== Source data ==
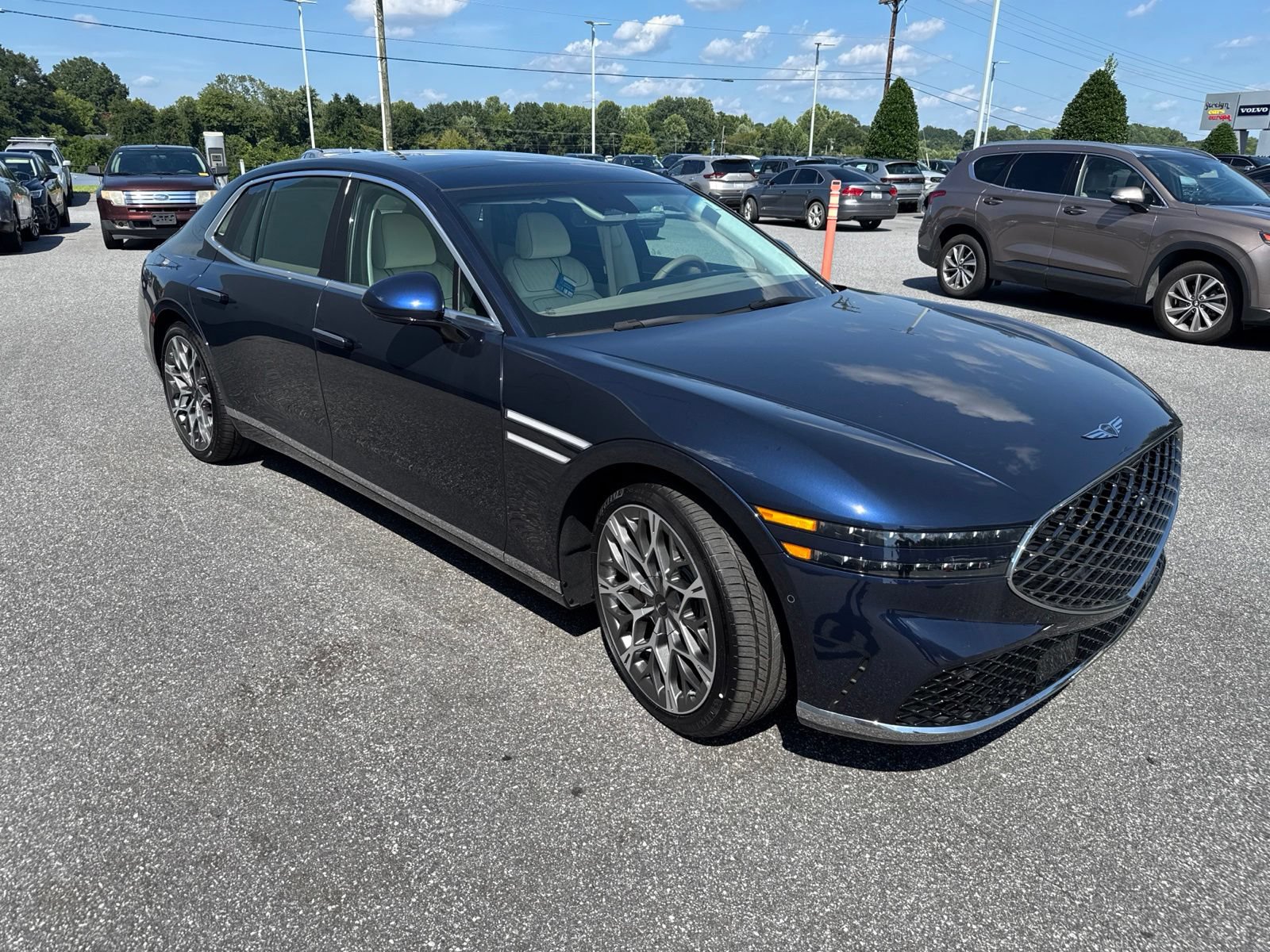 New 2026 Genesis G90 3.5T AWD/4WD image 3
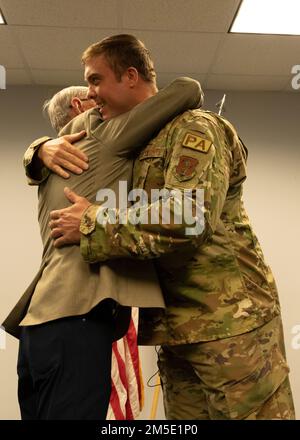 USA Oberst Hal Garland umarmt seinen Enkel Major Benjamin Garland, nachdem er ihn am 6. März 2022 auf der Buckley Space Force Base, Aurora, Colorado, vereidigt hatte. Garland ist Absolvent der Air Force Academy und wurde 2010 in die National Football League aufgenommen. Derzeit ist Garland das Dienstmitglied mit der höchsten Rangfolge, das auch in der NFL gespielt hat. Stockfoto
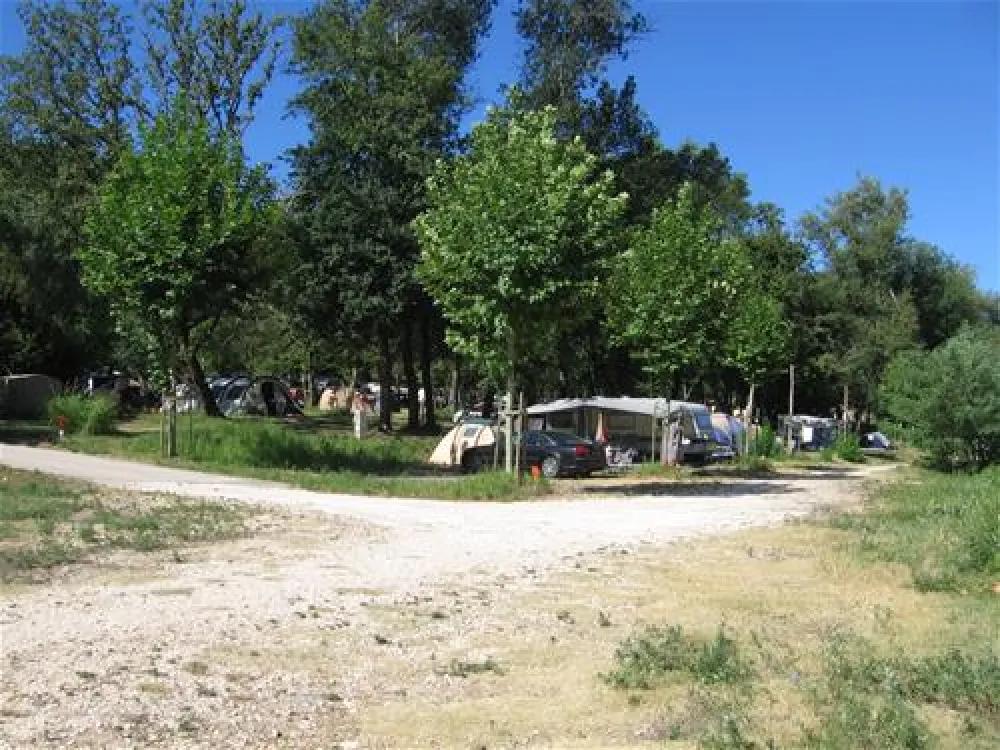 Camping Naturistes La Genese  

== Problem ==
Leaving the pictures out, set down all of the data again exactly.

== Result for this exercise ==
 New 2026 Genesis G90 3.5T AWD/4WD image 3
 USA Oberst Hal Garland umarmt seinen Enkel Major Benjamin Garland, nachdem er ihn am 6. März 2022 auf der Buckley Space Force Base, Aurora, Colorado, vereidigt hatte. Garland ist Absolvent der Air Force Academy und wurde 2010 in die National Football League aufgenommen. Derzeit ist Garland das Dienstmitglied mit der höchsten Rangfolge, das auch in der NFL gespielt hat. Stockfoto
 Camping Naturistes La Genese  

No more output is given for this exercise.